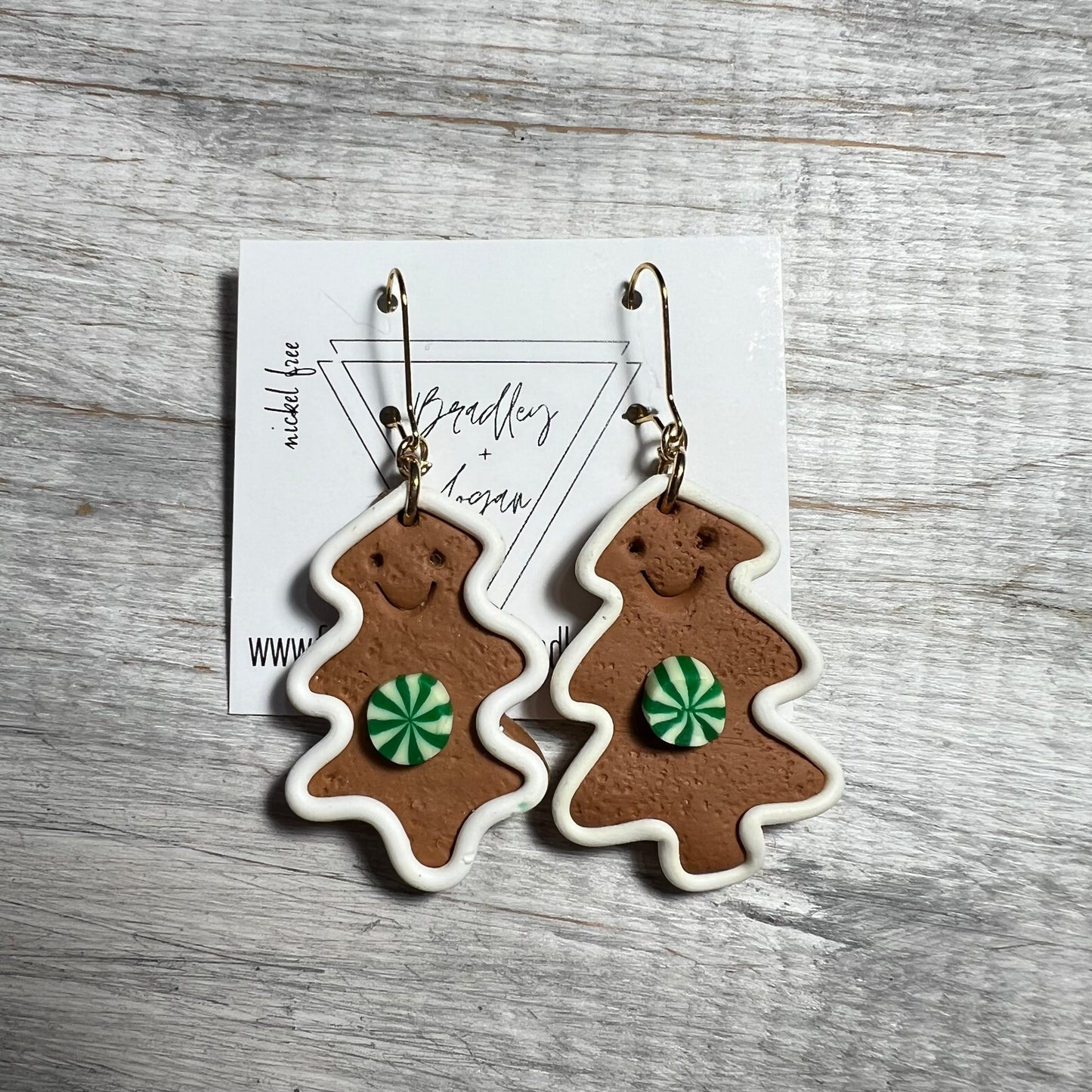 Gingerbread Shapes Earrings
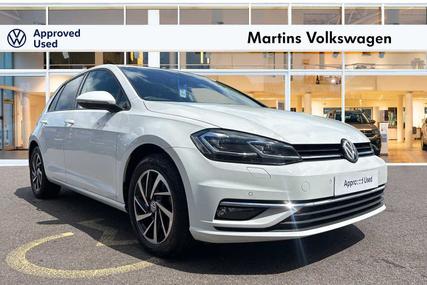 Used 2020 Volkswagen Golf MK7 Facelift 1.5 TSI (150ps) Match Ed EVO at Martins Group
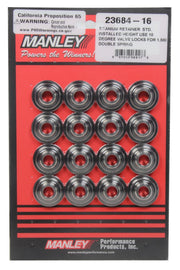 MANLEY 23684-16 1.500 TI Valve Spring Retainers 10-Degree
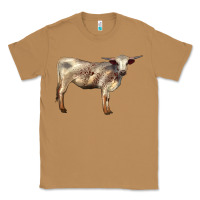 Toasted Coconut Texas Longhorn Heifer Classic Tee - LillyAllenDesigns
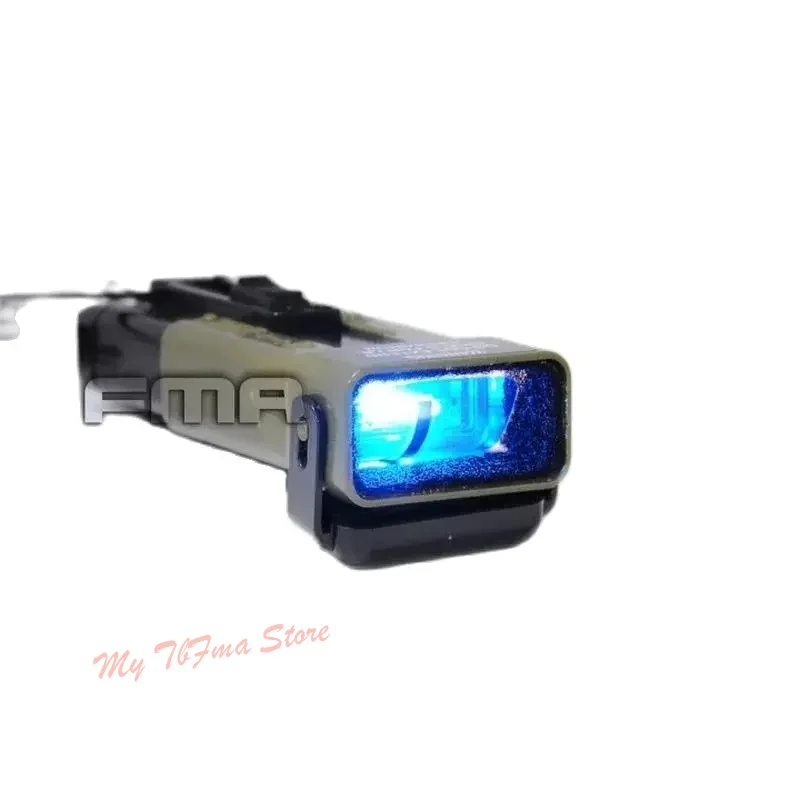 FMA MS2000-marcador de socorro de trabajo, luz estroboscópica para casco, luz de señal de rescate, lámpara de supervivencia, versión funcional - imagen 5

Problem to solve: Please copy exactly the lines from the one containing "Used 2020 Volkswagen" through the last line of the records above, both included, and leave out any pictures.

Written response:
 Used 2020 Volkswagen Golf MK7 Facelift 1.5 TSI (150ps) Match Ed EVO at Martins Group
 MANLEY 23684-16 1.500 TI Valve Spring Retainers 10-Degree
 Toasted Coconut Texas Longhorn Heifer Classic Tee - LillyAllenDesigns
 FMA MS2000-marcador de socorro de trabajo, luz estroboscópica para casco, luz de señal de rescate, lámpara de supervivencia, versión funcional - imagen 5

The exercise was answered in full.